Pemikiran ini mengembalikan perspektif yang benar berhubungan dengan pandangan para teolog tentang , “Penetapan Wujud Allah.”
Pandangan
Ibnu Athaillah merupakan sisi yang dikembangakan para Sufi, dan
mayoritas pengikut Imam Abul Hasan asy-Syadzily, yang mengatakan, “Bagaimana
Allah diketahui melalui orang yang ‘arif (mengenal Allah) sedangkan
segala pengetahuan itu diketahui melalui Allah? Atau bagaimana Allah
diketahui dan dikenal melalui sesuatu sedangkan Wujud Allah mendahului
segala sesuatu?” (Lihat Lathaiful Minan)
Beliau juga menegaskan:
“Nah,
seharusnya, kita memandang Allah swt dengan mata iman, sehingga kita
tidak lagi perlu bukti dan dalil, karena kita tidak pernah melihat
siapa pun dari makhluk, apakah masih ada Wujud selain Allah swt Sang
Diraja? Kalau toh ada, maka seperti ruang hampa di udara, jika anda
teliti anda tidak temukan apa-apa”.
Ibnu Athaillah juga mengikuti jejak beliau, yang kemudian menegaskan:
“Diantara
hal yang sangat mengherankan bila semesta alam mini dianggap bisa
menghubungan dengan Allah – menurutku – apakah masih ada wujud lain
selain Allah? Ataukah masih ada yang lebih jelas – untuk menjelaskan –
sehingga alam ini menjadi penjelas bagi Allah?”
Bagaimana
alam semesta bisa menjelaskan tentang Allah? Sedangkan Allahlah yang
memunculkan alam semesta ini, atau bagaimana alam mini bisa mengenalkan
Allah sedangkan alam mini dikenalkan oleh Allah?”
Inilah
pandangan yang dikenalkan oleh Syeikh Abul Hasan asy-Syadzili kepada
para muridnya dan tersebar di kalangan mereka yang kelak dikutip oleh
Syeikh Ibnu Athaillah as-Sakandary dalam kitab-kitabnya. Diantaranya
adalah:
“Bagi
yang masih membutuhkan dalil dan bukti, itu hanya bagi kalangan publik
umum yang selalu ingin memandang dengan nyata, karena mereka ini
menyucikan Allah swt melalui manifestasi tampilanNya yang dinilai butuh
bukti.
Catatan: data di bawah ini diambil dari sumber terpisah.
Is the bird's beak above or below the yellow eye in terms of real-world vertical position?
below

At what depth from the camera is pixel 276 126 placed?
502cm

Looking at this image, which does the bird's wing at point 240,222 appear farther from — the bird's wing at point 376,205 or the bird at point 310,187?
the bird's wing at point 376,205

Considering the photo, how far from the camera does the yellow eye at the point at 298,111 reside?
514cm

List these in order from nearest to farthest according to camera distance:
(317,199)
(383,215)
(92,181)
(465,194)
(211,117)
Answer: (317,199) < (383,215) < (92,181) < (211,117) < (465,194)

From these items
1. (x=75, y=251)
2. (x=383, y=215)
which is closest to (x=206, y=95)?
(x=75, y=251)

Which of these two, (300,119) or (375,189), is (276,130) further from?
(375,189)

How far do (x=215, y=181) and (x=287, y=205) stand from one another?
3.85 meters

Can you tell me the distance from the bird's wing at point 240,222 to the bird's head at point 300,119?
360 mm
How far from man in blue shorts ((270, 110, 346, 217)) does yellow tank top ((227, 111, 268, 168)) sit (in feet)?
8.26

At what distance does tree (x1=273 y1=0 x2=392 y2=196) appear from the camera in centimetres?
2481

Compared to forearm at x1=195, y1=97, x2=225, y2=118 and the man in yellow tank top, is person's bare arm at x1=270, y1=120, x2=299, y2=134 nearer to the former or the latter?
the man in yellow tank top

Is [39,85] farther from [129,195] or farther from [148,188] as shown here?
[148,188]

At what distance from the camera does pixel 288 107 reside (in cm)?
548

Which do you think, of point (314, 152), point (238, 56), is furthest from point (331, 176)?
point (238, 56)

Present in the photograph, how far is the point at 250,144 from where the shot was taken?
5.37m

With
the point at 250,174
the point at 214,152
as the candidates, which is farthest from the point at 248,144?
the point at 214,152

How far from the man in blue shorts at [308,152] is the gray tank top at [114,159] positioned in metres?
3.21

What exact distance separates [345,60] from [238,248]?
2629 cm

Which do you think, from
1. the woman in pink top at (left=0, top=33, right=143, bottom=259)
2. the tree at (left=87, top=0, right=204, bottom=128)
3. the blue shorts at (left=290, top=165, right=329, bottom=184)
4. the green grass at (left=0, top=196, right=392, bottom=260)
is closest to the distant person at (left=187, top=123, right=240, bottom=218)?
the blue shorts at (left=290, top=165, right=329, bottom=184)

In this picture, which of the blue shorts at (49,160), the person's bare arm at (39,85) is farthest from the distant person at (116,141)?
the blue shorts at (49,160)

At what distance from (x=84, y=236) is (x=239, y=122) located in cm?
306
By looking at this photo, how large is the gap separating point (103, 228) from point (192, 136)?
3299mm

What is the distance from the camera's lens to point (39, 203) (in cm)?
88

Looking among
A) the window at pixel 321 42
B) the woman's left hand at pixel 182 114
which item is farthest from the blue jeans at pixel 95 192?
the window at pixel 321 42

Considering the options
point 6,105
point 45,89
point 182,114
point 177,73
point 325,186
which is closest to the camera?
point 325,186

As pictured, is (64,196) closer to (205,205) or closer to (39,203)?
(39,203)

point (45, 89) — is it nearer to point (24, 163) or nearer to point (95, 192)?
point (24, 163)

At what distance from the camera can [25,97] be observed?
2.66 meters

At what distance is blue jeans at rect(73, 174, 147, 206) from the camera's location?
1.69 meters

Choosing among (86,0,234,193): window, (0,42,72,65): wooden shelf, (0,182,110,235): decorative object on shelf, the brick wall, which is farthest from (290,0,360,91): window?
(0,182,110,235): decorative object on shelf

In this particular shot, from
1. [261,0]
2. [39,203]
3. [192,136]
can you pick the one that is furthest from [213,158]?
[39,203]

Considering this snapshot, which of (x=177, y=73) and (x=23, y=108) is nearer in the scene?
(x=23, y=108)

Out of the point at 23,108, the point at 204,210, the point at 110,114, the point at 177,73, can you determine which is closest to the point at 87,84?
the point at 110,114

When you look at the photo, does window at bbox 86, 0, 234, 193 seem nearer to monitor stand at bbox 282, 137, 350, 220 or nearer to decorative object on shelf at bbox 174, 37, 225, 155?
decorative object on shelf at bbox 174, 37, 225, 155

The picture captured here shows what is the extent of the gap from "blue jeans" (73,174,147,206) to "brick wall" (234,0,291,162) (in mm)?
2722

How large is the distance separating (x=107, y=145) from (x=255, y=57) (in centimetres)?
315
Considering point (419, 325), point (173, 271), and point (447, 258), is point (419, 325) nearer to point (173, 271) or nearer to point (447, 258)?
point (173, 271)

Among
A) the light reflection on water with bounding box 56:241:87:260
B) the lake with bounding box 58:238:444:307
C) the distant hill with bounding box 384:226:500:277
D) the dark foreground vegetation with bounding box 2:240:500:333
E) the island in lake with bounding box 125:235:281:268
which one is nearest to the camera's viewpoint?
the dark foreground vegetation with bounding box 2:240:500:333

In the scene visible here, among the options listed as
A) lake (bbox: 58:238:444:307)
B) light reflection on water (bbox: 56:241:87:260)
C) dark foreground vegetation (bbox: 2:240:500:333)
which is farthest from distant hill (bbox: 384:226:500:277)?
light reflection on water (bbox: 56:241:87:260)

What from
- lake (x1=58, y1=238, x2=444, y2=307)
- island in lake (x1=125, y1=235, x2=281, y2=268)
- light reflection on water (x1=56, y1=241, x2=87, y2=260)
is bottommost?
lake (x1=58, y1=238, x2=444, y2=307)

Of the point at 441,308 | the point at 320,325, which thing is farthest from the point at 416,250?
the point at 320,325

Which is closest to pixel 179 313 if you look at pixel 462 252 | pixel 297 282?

Namun bagaimana membutuhkan bukti pada Dzat yang menegakkan bukti
itu sendiri? Bagaimana bisa dikenal melalui bukti, sedangkan Dialah
yang mengenalkan bukti itu?”
Syeikh
Abul Hasan asy-Syadzili dan para pengikutnya telah mengembalikan Islam
yang benar sehubungan dengan Wujud Allah. Bahwa WujudNya itu lebih jelas
dan lebih gamblang sehingga sama sekali tidak butuh bukti lagi. Bahwa
Kemahasucian Allah swt itu, tidak bisa dikhayalkan WujudNya oleh orang
yag beriman kepadaNya. Sedangkan Kemaha AgunganNya – yang merupakan
pandangan keimanan orang beriman– sama sekali jauh dari perspektif
sedemikian rupa dengan mengimajinasikan dan mengkhayalkan Wujud
tersebut, sehingga malah menimbulkan penyimpangan.
Yang
jelas segala upaya untuk memproyeksikan Wujud Allah, malah akan
menimbulkan penyimpangan dari manhaj Islam yang benar. Apa yang
diarahkan dalam metode pendekatan Syeikh Abul Hasan, adalah cara pandang
Qur’any yang murni: Yaitu bahwa Al-Qur’anul Karim, dan semua Rasul –
sholawat salam bagi mereka – telah memurnikan pandangan dari segala
upaya untuk membuktikan wujudNya, dan mereka menyucikan dari pandangan
bahwa Wujud allah itu butuh bukti dari sejumlah argument dan bukti
lainnya. Tidak sama sekali!
Wacana
adsy Syadzili ini telah diikuti dan menjadi panutan. Namun dewasa ini
sempat dianggap aneh oleh kalangan yang pandangannya tersekat oleh
ketololan, yang mengatakan bahwa upaya membuktikan wujud Allah itu
adalab bid’ah yag menebar, hingga merasuk dalam wilayah beragama,
sehingga banyak yang bertanya:
“Apakah pandangan Syeikh Abul Hasan ini benar?”
Dari
segi penjelasan pemikiran abul Hasan asy Syadzily, memang perlu
dijelaskan, karena topik tersebut telah membawa pertanyaan lebih jauh.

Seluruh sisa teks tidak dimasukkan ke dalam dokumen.